What Interviewers Wish They Could Tell Every Job Candidate
In the best interviews, job candidates say a lot and interviewers very little – after all, the interview is about the candidate, not the interviewer.
But there are a few things interviewers would like to tell job candidates well before the interview starts.
1. I want you to be likeable.
Obvious? Sure, but also critical. I want to work with people I like and who in turn like me.
So: I want you to smile. I want you to make eye contact, sit forward in your chair, and be enthusiastic. The employer-employee relationship truly is a relationship — and that relationship starts with the interview (if not before.)
A candidate who makes a great first impression and sparks a real connection instantly becomes a big fish in a very small short-list pond. You may have solid qualifications, but if I don’t think I’ll enjoy working with you, I’m probably not going to hire you.
Life is too short.
2. I don’t want you to immediately say you want the job.
Oh, I do want you to want the job — but not before you really know what the job entails. I may need you to work 60-hour weeks, or travel 80% of the time, or report to someone with less experience than you… so sit tight for a bit.
No matter how much research you’ve done, you can’t know you want the job until you know everything possible about the job.
3. I want you to stand out….
A sad truth of interviewing is that later I often don’t recall, unless I refer to my notes, a significant amount about some of the candidates. (Unfair? Sure. Reality? Absolutely.)
The more people I interview for a job and the more spread out those interviews, the more likely I am to remember a candidate by impressions rather than by a long list of facts.
So when I meet with staff to discuss potential candidates I might initially refer to someone as, “the guy with the bizarre stainless steel briefcase,” or “the woman who does triathlons,” or “the gentleman who grew up in Lichtenstein.”
In short, I may remember you by “hooks” – whether flattering or unflattering – so use that to your advantage. Your hook could be your clothing, or an outside interest, or an unusual fact about your upbringing or career. Better yet your hook could be the project you pulled off in half the expected time or the huge sale you made.
Instead of letting me choose, give me one or two notable ways to remember you.
4. … but not for being negative.
There’s no way I can remember everything you say. But I will remember sound bites, especially the negative ones – like the candidates who complain, without prompting, about their current employer, their coworkers, or their customers.

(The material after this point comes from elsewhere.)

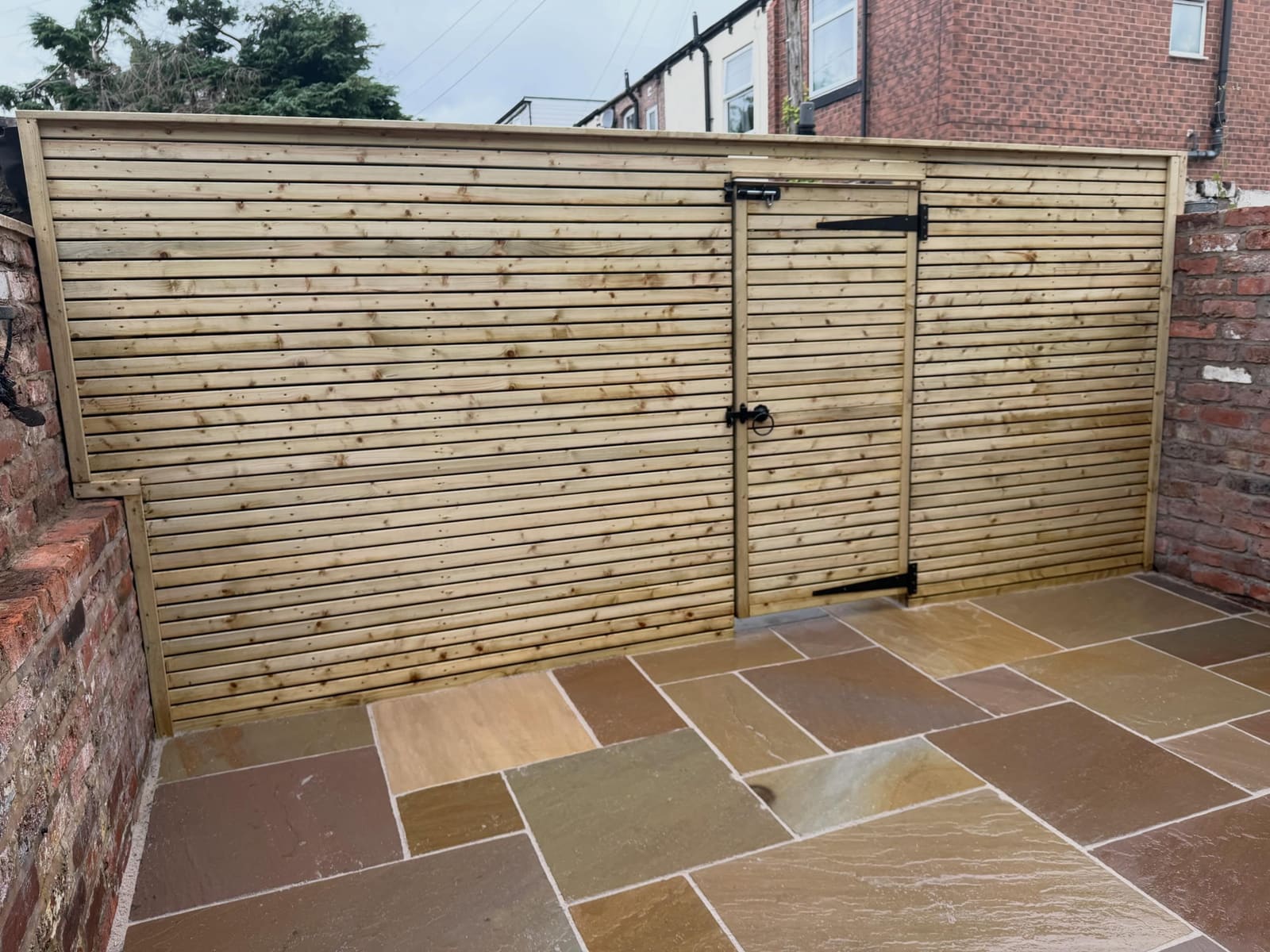 Contemporary horizontal slatted timber gate set in sandstone patio courtyard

So if for example you hate being micro-managed, instead say you’re eager to earn more responsibility and authority. I get there are reasons you want a new job but I want to hear why you want my job instead of why you’re desperate to escape your old job.
And keep in mind I’m well aware our interview is like a first date. I know I’m getting the best possible version of “you.” So if you whine and complain and grumble now… I know you’ll be a real treat to be around in a few months.

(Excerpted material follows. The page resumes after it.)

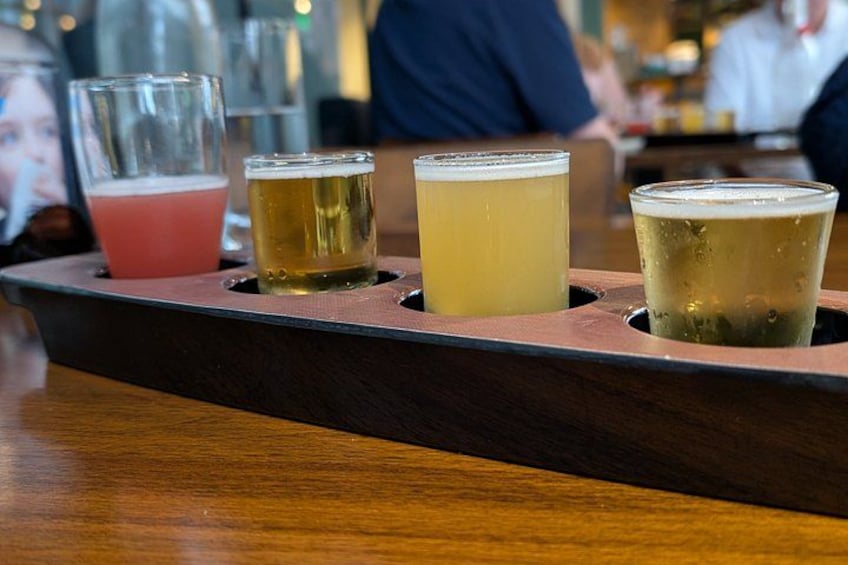 A tray with four glasses of beer. 3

5. I want you to ask lots of questions about what really matters to you…
I need to know whether I should hire you, but just as importantly I need you to make sure my job is a good fit for you.
So I want you to ask lots of questions: What I expect you to accomplish early on, what attributes make our top performers outstanding, what you can do to truly drive results, how you’ll be evaluated… all the things that matter to you and to me and my business.
You know what makes work meaningful and enjoyable to you. I don’t. There’s no other way to really know whether you want the job unless you ask questions.